* **RECORDS FOR THE TASK**
####

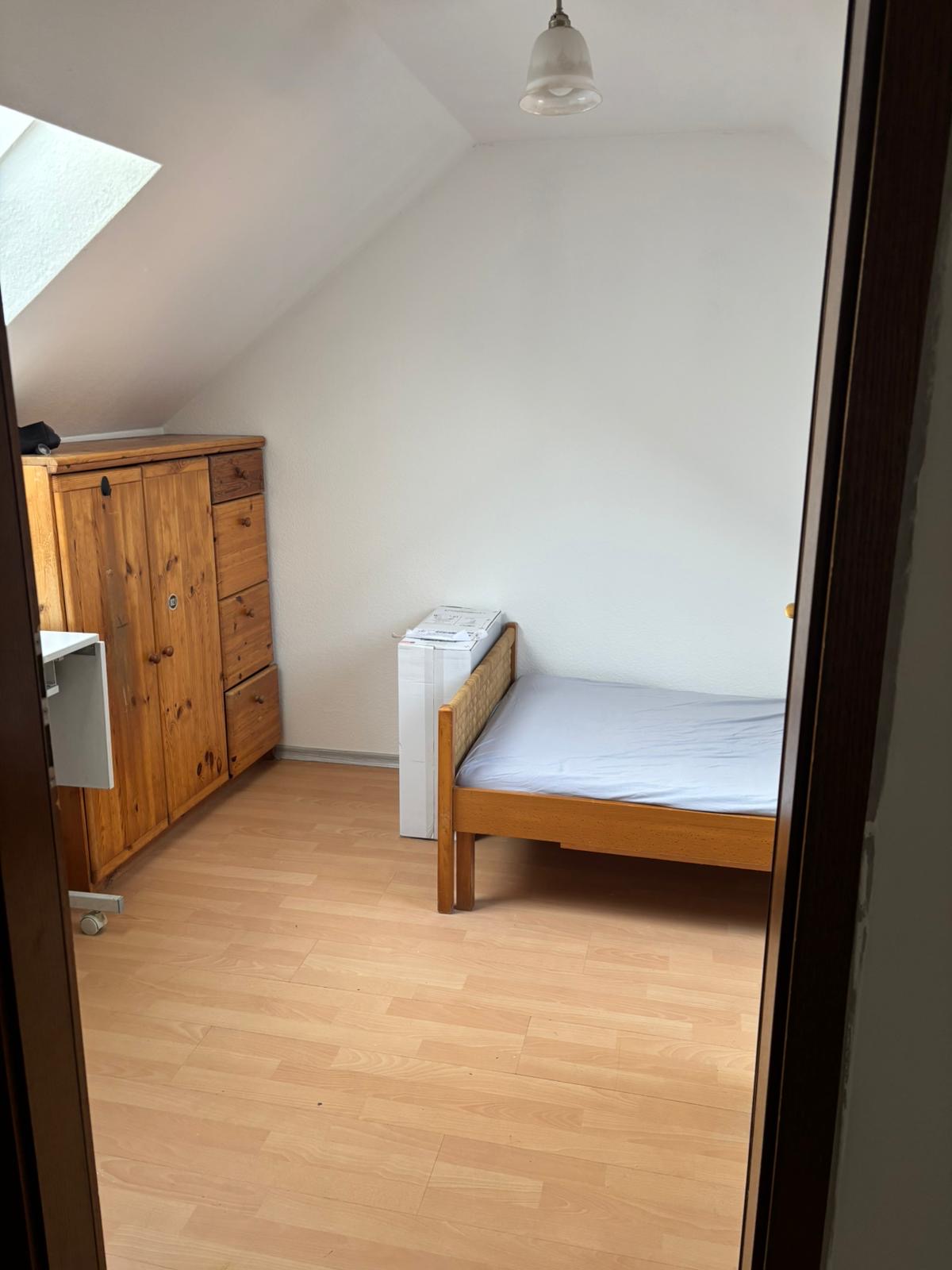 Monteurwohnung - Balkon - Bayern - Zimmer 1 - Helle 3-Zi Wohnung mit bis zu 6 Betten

####

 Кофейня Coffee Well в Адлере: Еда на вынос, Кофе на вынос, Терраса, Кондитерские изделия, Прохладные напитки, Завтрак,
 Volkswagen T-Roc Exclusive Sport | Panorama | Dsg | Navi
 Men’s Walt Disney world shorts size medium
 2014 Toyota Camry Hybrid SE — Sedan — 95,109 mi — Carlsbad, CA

####

* **EXERCISE DETAILS**
Write out exactly the lines above from the line with "Volkswagen T-Roc Exclusive" through the line with "2014 Toyota Camry", both of them included, and leave out all other lines.

* **ANSWER TO THIS EXERCISE**
 Volkswagen T-Roc Exclusive Sport | Panorama | Dsg | Navi
 Men’s Walt Disney world shorts size medium
 2014 Toyota Camry Hybrid SE — Sedan — 95,109 mi — Carlsbad, CA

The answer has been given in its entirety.